Не известно никакое раннее (XVI — начало XVII в.) издание «Трактата», хотя теоретически можно было бы предположить возможность первой публикации его и в типографии Краковского университета, и в Кенигсберге, и в типографии Радзивиллов в Бресте Литовском, действовавшей с 1553 г.[11]
В течение XVII в. фрагменты трактата Михалона Литвина (полностью или в усеченном виде) несколько раз переиздавались, преимущественно в первой половине XVII в. В сборнике Эльзевиров 1626, 1627, 1630 и 1642 гг. были воспроизведены те части сочинения, в которых были изложены представления Литвина о римском происхождении литовцев, суде и правосудии в Литве, об обычаях и образе жизни татар.

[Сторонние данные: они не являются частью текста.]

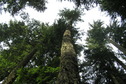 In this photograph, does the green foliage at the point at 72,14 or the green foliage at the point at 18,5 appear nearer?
the green foliage at the point at 18,5

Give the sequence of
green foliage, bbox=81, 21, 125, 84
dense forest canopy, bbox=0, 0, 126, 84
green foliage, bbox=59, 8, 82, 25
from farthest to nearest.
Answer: green foliage, bbox=59, 8, 82, 25
green foliage, bbox=81, 21, 125, 84
dense forest canopy, bbox=0, 0, 126, 84

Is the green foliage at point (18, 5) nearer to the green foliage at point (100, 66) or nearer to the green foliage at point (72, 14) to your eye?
the green foliage at point (72, 14)

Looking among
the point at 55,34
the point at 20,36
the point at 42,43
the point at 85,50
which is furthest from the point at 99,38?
the point at 20,36

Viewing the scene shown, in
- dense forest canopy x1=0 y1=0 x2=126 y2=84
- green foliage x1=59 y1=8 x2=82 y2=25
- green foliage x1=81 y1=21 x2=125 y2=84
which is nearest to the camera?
dense forest canopy x1=0 y1=0 x2=126 y2=84

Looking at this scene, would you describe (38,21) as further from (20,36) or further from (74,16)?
(74,16)

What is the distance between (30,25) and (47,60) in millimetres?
4765

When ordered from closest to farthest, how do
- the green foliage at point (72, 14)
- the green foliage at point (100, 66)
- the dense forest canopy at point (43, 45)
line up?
the dense forest canopy at point (43, 45) < the green foliage at point (100, 66) < the green foliage at point (72, 14)

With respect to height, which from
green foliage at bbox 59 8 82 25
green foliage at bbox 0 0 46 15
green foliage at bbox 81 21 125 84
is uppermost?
green foliage at bbox 59 8 82 25

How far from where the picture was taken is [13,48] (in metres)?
9.59

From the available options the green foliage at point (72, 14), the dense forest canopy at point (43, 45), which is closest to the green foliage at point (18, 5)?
the dense forest canopy at point (43, 45)

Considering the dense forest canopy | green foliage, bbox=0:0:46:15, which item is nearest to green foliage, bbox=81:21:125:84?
the dense forest canopy

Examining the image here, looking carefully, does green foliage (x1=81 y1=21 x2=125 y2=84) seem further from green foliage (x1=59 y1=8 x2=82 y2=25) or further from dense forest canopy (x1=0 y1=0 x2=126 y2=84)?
green foliage (x1=59 y1=8 x2=82 y2=25)

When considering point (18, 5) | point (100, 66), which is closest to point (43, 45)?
point (18, 5)

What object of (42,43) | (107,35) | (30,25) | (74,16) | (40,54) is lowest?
(40,54) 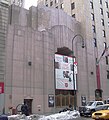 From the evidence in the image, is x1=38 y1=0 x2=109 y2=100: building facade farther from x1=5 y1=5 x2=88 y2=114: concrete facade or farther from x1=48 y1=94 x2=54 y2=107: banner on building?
x1=48 y1=94 x2=54 y2=107: banner on building

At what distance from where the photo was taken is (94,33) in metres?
54.6

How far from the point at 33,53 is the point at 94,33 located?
2113cm

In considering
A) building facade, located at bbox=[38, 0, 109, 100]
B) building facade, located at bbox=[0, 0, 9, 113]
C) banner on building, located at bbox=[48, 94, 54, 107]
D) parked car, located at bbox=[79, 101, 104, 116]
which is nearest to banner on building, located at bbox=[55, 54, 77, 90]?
banner on building, located at bbox=[48, 94, 54, 107]

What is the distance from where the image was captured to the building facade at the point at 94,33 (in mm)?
50062

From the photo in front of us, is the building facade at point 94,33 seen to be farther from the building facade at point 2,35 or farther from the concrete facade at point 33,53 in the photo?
the building facade at point 2,35

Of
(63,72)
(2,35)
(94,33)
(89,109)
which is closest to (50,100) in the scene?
(63,72)

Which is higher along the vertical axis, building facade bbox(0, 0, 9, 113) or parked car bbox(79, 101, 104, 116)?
building facade bbox(0, 0, 9, 113)

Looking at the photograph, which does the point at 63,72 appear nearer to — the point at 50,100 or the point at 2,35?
the point at 50,100

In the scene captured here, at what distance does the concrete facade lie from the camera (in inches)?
1403

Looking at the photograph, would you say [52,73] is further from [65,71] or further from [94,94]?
[94,94]

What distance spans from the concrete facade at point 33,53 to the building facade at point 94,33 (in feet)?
17.2

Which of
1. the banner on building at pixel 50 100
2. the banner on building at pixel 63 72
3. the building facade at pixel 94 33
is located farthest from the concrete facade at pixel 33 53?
the building facade at pixel 94 33

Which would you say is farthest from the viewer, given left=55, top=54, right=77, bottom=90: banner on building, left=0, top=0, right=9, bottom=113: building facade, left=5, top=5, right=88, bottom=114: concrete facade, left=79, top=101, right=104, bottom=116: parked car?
left=55, top=54, right=77, bottom=90: banner on building

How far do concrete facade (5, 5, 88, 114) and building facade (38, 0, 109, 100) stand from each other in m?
5.25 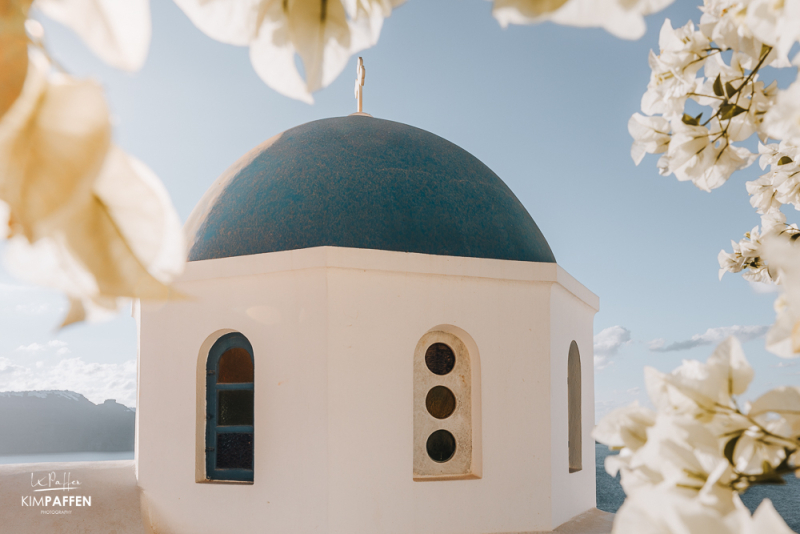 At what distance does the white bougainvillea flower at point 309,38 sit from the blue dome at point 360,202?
5.08 m

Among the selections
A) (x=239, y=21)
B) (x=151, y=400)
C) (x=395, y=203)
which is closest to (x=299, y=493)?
(x=151, y=400)

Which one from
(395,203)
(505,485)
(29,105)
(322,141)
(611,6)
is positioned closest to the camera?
(29,105)

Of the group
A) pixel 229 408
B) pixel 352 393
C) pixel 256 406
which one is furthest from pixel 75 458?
pixel 352 393

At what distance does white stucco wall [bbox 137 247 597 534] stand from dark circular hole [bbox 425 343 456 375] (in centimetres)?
29

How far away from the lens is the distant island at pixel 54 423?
14.6 meters

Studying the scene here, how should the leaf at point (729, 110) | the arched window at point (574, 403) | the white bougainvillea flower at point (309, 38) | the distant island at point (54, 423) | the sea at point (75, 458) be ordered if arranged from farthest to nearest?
the distant island at point (54, 423) → the sea at point (75, 458) → the arched window at point (574, 403) → the leaf at point (729, 110) → the white bougainvillea flower at point (309, 38)

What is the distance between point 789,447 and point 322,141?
6.35m

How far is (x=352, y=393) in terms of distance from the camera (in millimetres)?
5121

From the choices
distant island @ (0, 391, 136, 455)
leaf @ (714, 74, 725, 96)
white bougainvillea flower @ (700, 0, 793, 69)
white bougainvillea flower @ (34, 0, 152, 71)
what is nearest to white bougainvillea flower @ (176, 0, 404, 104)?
white bougainvillea flower @ (34, 0, 152, 71)

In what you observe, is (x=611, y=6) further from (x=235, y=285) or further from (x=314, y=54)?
(x=235, y=285)

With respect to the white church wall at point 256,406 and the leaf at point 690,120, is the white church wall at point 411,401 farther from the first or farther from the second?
the leaf at point 690,120

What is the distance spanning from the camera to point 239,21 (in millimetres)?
549

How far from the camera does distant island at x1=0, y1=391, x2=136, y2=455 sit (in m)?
14.6

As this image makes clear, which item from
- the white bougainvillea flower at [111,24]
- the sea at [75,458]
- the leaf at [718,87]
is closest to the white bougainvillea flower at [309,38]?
the white bougainvillea flower at [111,24] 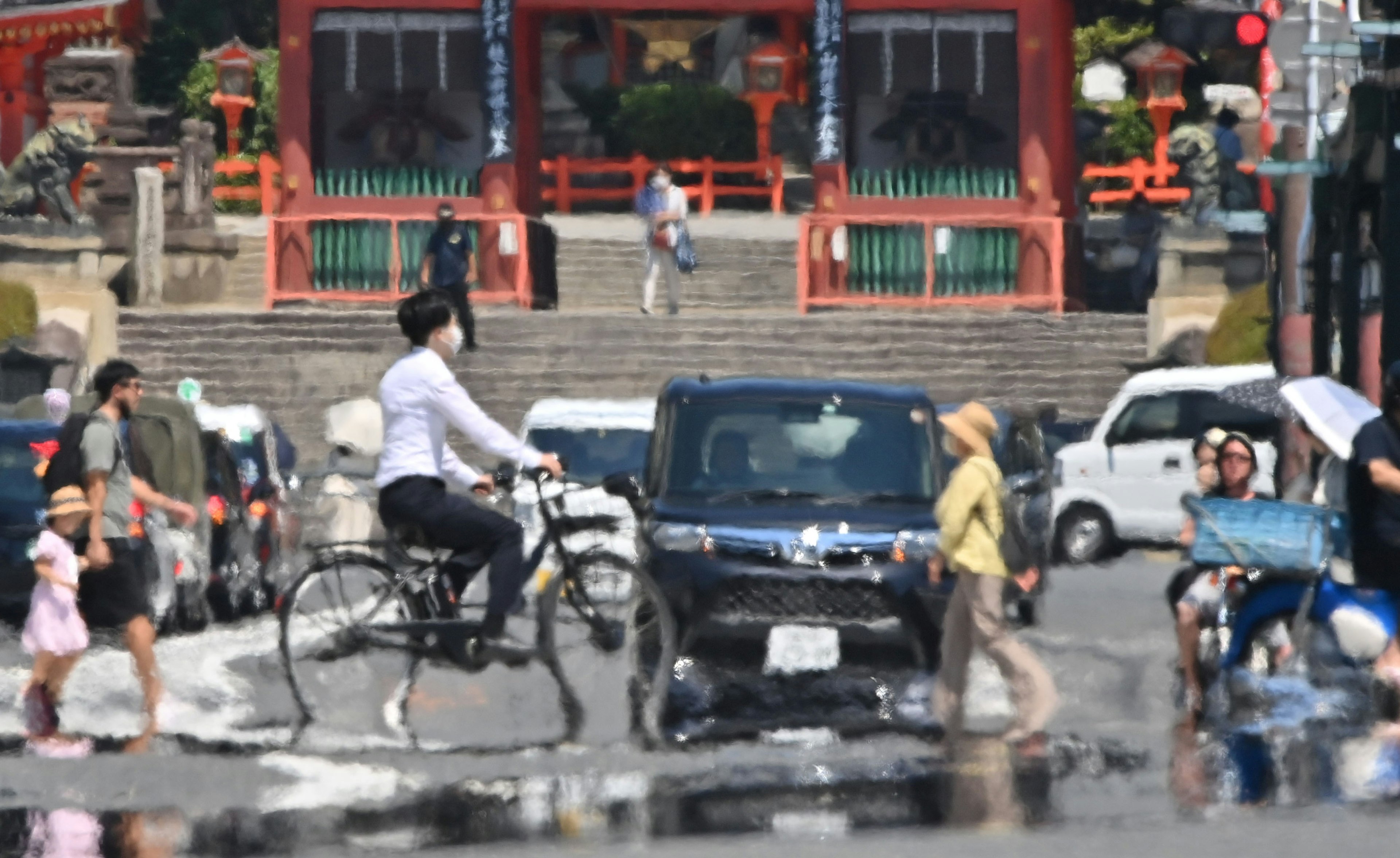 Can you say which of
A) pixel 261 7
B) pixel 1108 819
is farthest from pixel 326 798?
pixel 261 7

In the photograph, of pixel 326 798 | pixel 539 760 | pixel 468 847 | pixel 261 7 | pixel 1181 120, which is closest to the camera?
pixel 468 847

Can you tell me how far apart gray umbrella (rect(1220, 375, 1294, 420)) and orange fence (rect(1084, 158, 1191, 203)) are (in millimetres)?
24857

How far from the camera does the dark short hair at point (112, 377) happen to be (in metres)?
12.8

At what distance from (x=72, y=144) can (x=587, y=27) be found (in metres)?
20.3

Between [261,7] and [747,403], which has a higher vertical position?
[261,7]

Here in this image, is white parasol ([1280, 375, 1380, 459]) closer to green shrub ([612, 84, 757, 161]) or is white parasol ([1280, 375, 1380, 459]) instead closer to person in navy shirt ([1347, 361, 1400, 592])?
person in navy shirt ([1347, 361, 1400, 592])

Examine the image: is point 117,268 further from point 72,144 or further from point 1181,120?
point 1181,120

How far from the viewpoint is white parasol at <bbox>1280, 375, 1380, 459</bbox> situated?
12625mm

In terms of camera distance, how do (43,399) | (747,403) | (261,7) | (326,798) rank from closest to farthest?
(326,798) → (747,403) → (43,399) → (261,7)

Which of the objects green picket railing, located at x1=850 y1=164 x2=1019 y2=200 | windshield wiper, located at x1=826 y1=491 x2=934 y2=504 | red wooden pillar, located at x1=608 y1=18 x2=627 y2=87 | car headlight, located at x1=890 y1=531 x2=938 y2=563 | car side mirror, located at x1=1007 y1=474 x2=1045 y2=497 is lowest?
car headlight, located at x1=890 y1=531 x2=938 y2=563

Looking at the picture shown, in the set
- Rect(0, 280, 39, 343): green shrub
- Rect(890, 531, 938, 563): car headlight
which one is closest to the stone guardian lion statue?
Rect(0, 280, 39, 343): green shrub

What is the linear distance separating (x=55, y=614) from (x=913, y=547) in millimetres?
3764

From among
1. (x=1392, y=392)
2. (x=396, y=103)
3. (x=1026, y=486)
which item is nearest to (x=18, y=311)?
(x=396, y=103)

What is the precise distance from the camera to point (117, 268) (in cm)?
3322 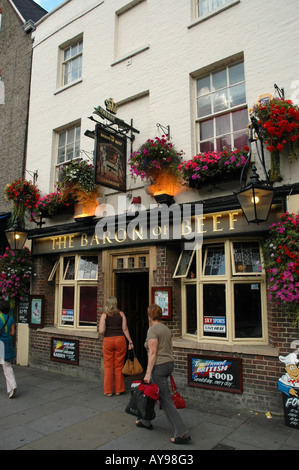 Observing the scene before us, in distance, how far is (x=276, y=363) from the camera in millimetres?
5316

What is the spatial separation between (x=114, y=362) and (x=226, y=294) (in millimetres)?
2465

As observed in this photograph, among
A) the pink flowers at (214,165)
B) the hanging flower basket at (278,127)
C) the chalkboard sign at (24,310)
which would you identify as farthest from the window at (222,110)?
the chalkboard sign at (24,310)

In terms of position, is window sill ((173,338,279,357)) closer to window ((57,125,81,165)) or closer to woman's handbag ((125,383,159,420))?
woman's handbag ((125,383,159,420))

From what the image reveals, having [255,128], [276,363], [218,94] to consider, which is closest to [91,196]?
[218,94]

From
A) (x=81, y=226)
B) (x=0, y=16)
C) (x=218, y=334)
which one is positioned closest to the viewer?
(x=218, y=334)

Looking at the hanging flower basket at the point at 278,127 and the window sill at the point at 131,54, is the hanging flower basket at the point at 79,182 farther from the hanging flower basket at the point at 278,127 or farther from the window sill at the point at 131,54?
the hanging flower basket at the point at 278,127

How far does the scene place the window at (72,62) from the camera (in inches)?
398

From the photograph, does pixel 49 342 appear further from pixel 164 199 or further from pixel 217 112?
pixel 217 112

Первая из этих тем вошла и в историографию XVII в. В связи с отсутствием во второй половине XVII в. археологических данных филологические экскурсы историков и этнографов были единственными доказательствами тех или иных теорий этногенеза. Историки Пруссии В. X. Неттельхорст и К. Харткнох в 1674, 1679 и 1684 гг. либо приводили соответствующее место труда Литвина, либо пересказывали его[12]. Однако уже тогда прозвучали и первые критические замечания (M. Преториус) в адрес теории Литвина.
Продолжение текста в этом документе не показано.